__Requirement__. Leaving out the pictures, write out exactly each line from the line with "Chevrolet Malibu XL — миниатюра 9" through the close of the listing below.

__Recorded data__.
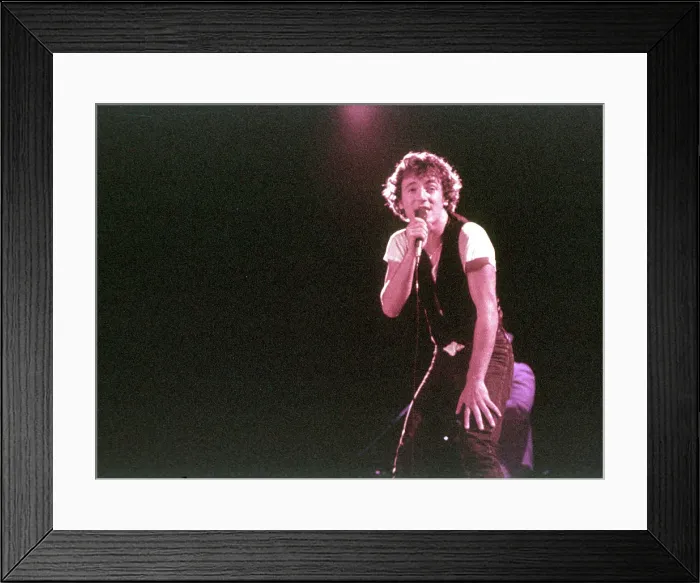 Framed Print : Photo of Bruce Springsteen Framed Print : Photo of Bruce Springsteen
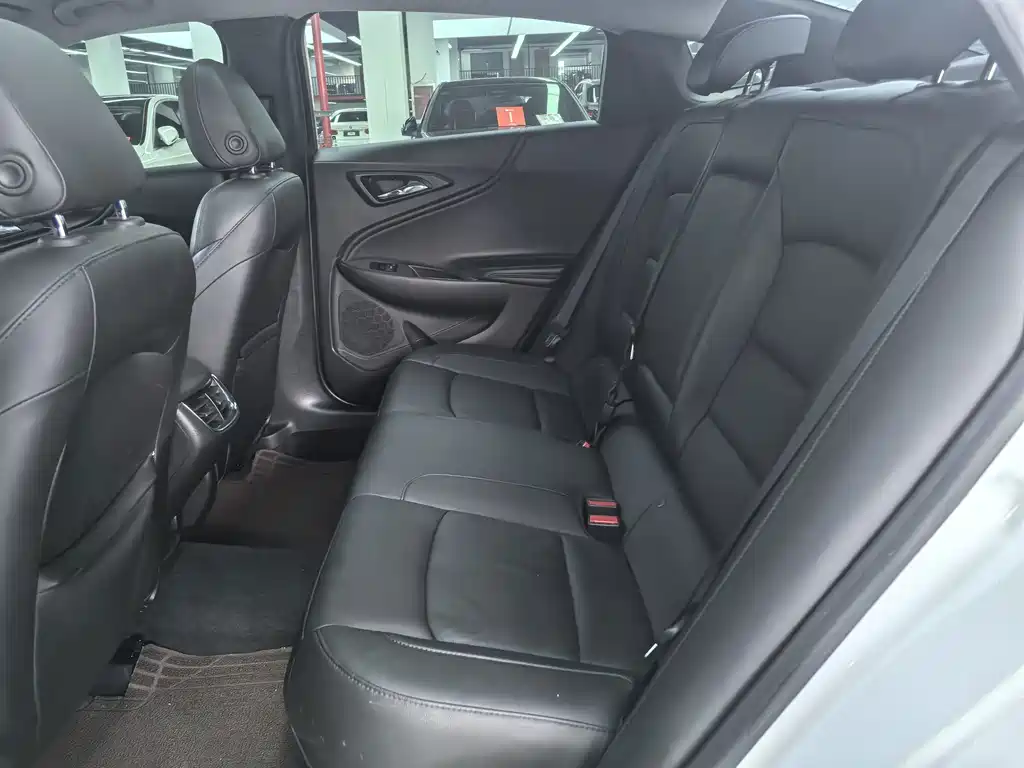 Chevrolet Malibu XL — миниатюра 9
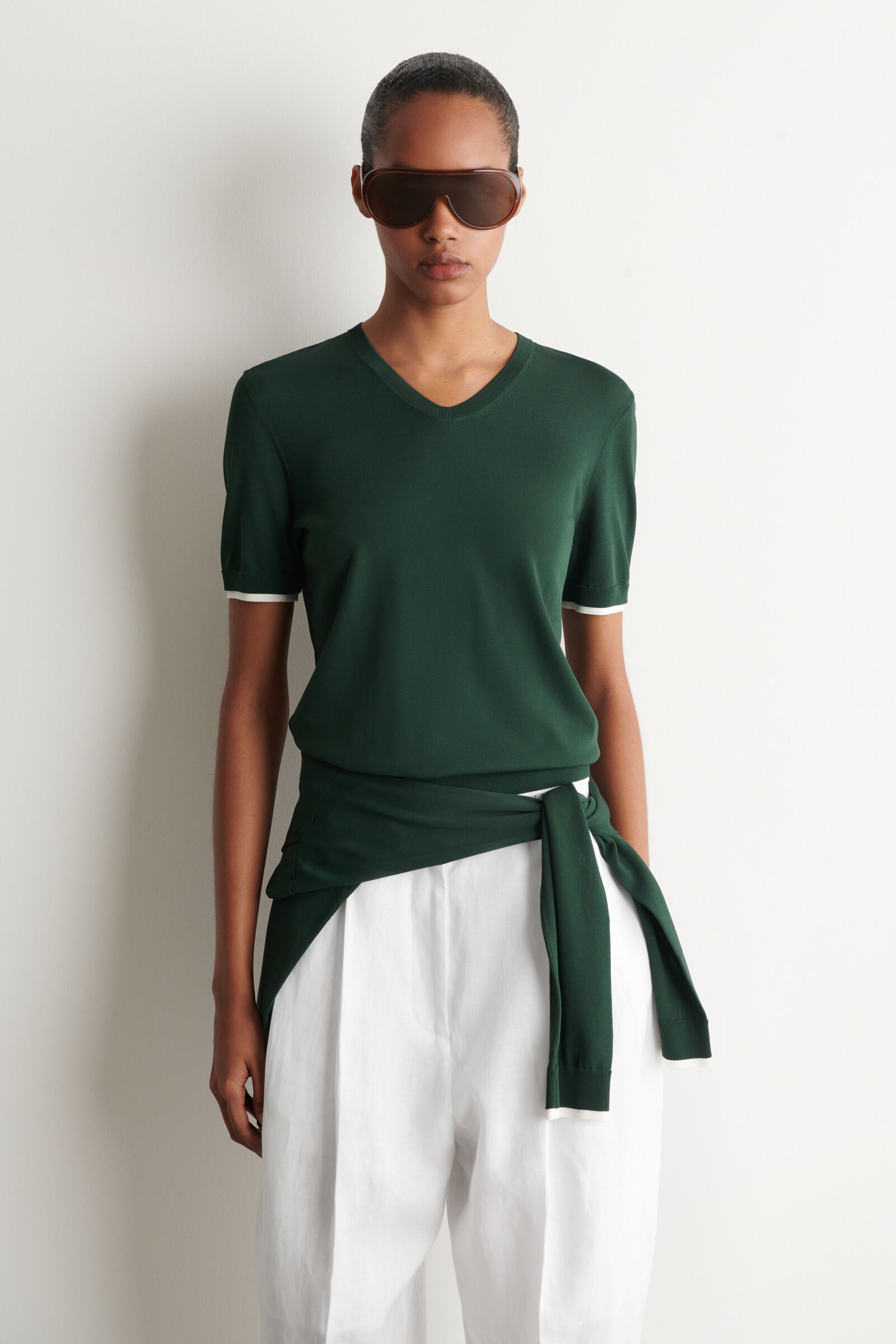 LAYERED-DETAIL KNITTED V-NECK T-SHIRTDARK GREEN / WHITE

__Answer box__.
 Chevrolet Malibu XL — миниатюра 9
 LAYERED-DETAIL KNITTED V-NECK T-SHIRTDARK GREEN / WHITE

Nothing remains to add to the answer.